◆ INSTRUCTIONS FOR THE TASK
Leaving the pictures aside, reproduce the data in full and word for word.

◇ ◇ ◇ ◇ ◇

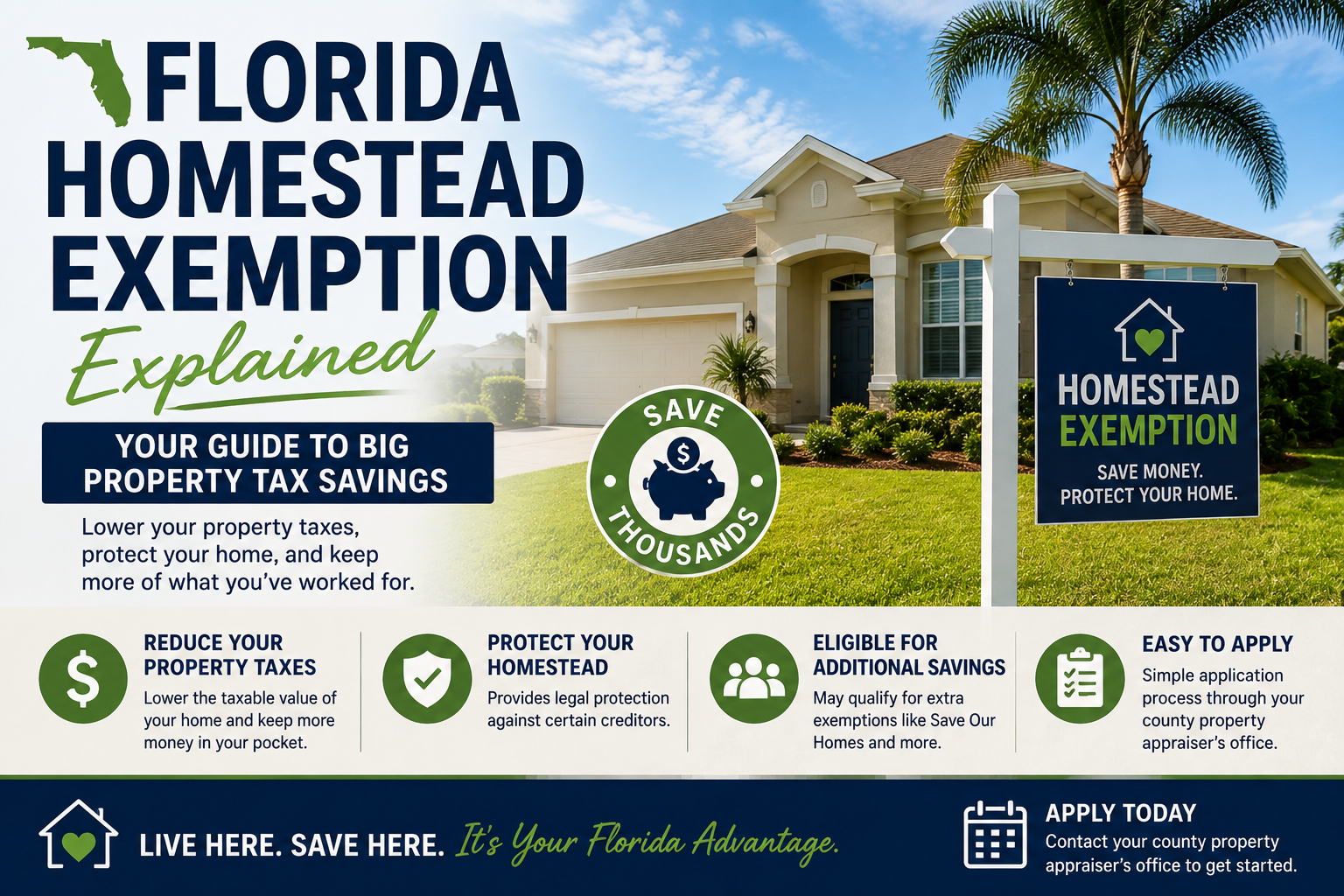 Florida home with palm trees representing the Florida Homestead Exemption, a property tax benefit that helps homeowners reduce property taxes, save money, and protect their primary residence.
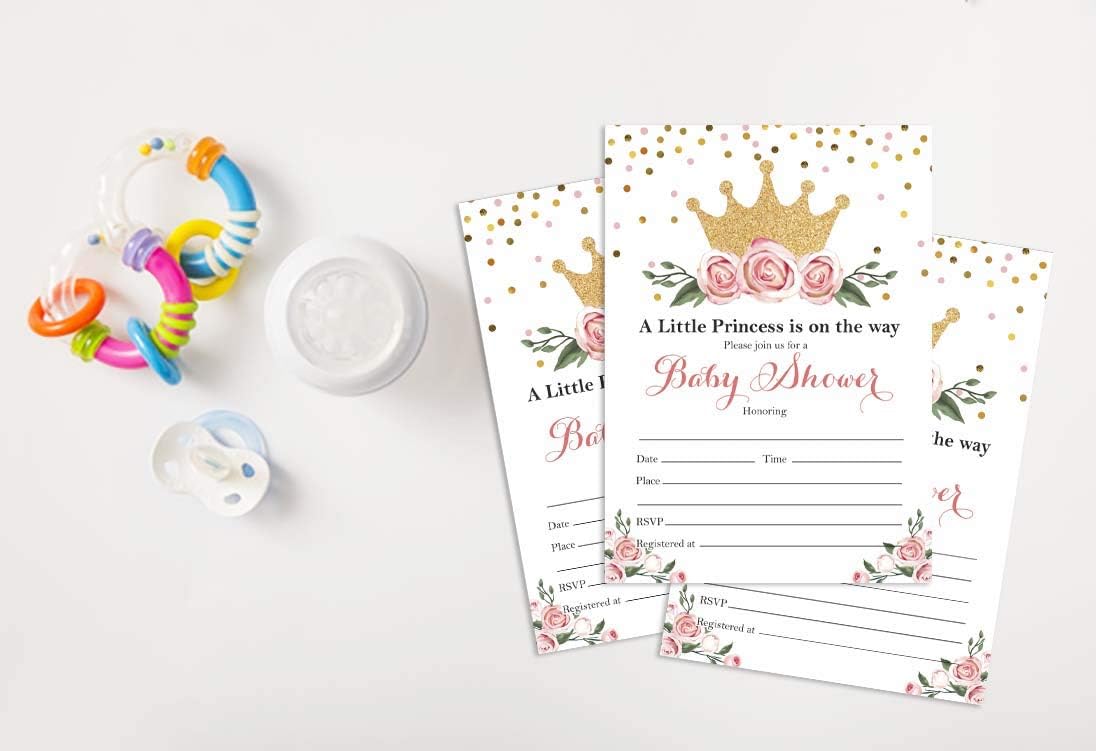 Inkdotpot 30 Gender Reveal Baby Shower Invitation Cards Princess Fill In Blank Invites, Invitation_card, 5 x 7 Inches - Image 5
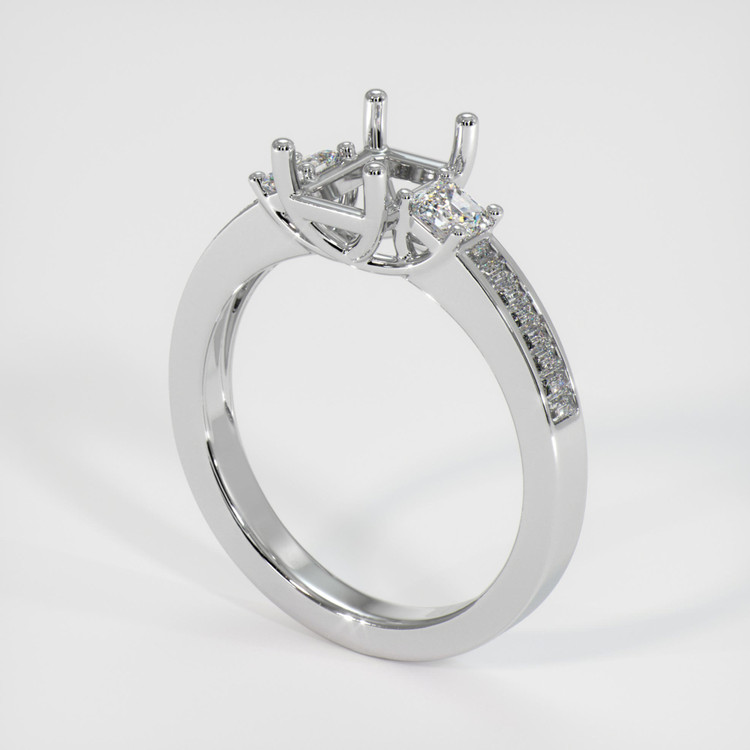 18K White Gold Three Stone Ring Setting
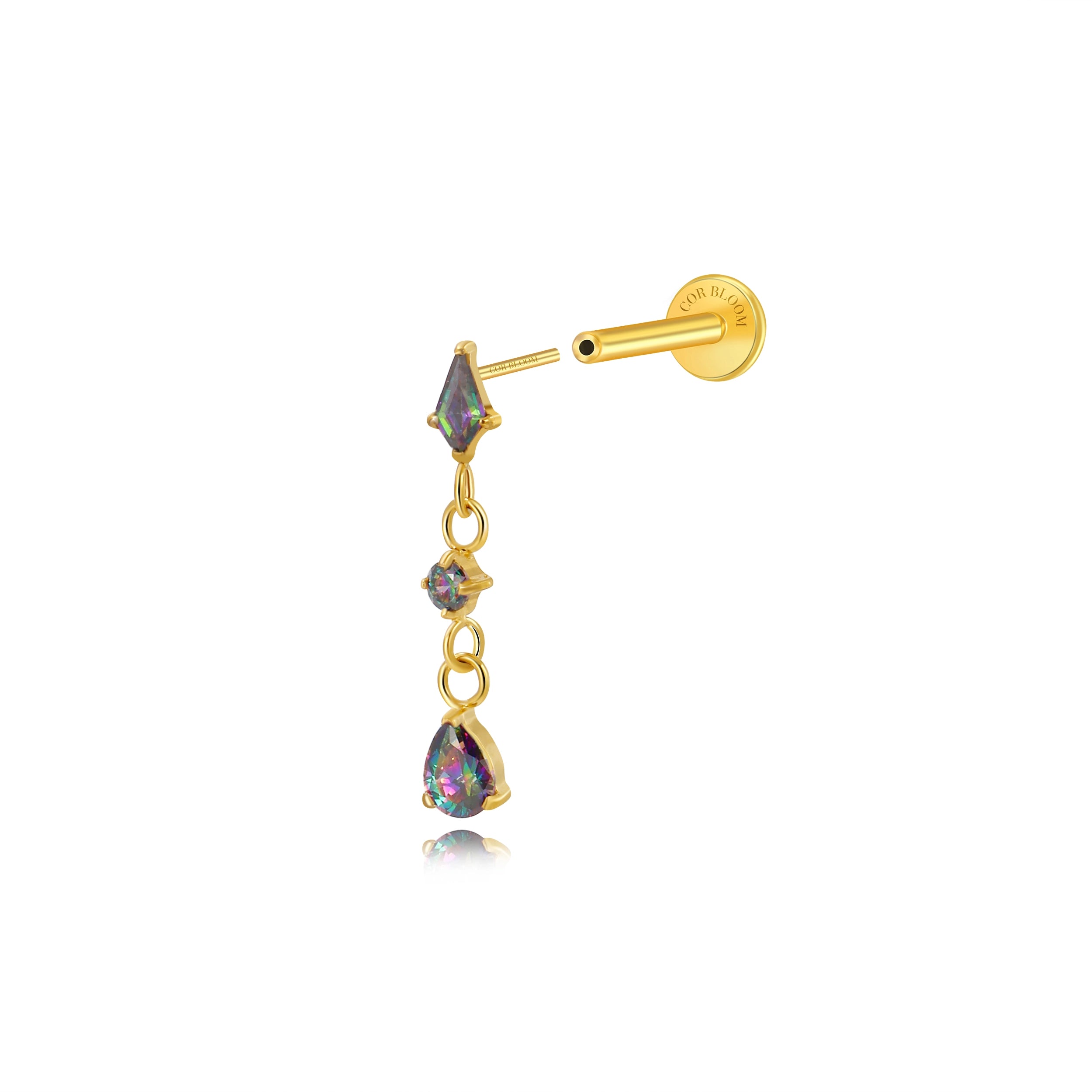Titanium Adonis Dangling Stud - Dark Iridescent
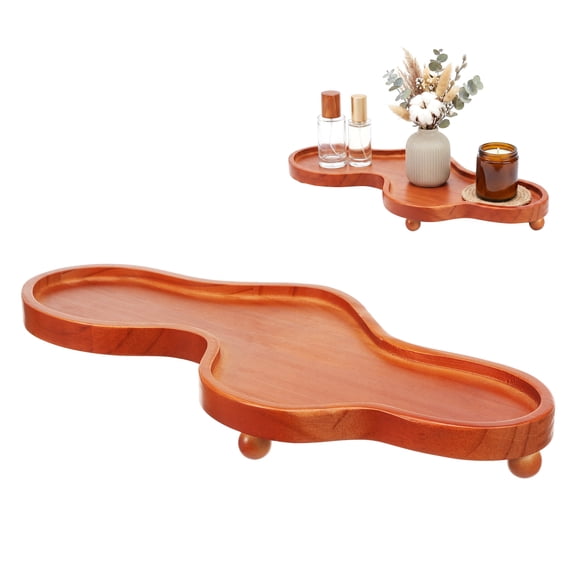 Wooden Serving Tray Decorative Cloud Shaped Jewelry Tray Irregular Wooden Perfume Plate for Snacks Jewelry Ring Key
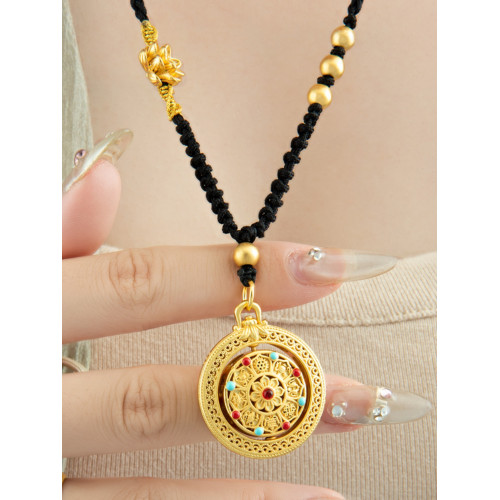 古風羅盤鏤空五福圓滿毛衣鏈高檔可調節優雅古典福祿黑繩沙金項鍊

◇ ◇ ◇ ◇ ◇

◆ EXERCISE RESPONSE
 Florida home with palm trees representing the Florida Homestead Exemption, a property tax benefit that helps homeowners reduce property taxes, save money, and protect their primary residence.
 Inkdotpot 30 Gender Reveal Baby Shower Invitation Cards Princess Fill In Blank Invites, Invitation_card, 5 x 7 Inches - Image 5
 18K White Gold Three Stone Ring Setting
Titanium Adonis Dangling Stud - Dark Iridescent
 Wooden Serving Tray Decorative Cloud Shaped Jewelry Tray Irregular Wooden Perfume Plate for Snacks Jewelry Ring Key
 古風羅盤鏤空五福圓滿毛衣鏈高檔可調節優雅古典福祿黑繩沙金項鍊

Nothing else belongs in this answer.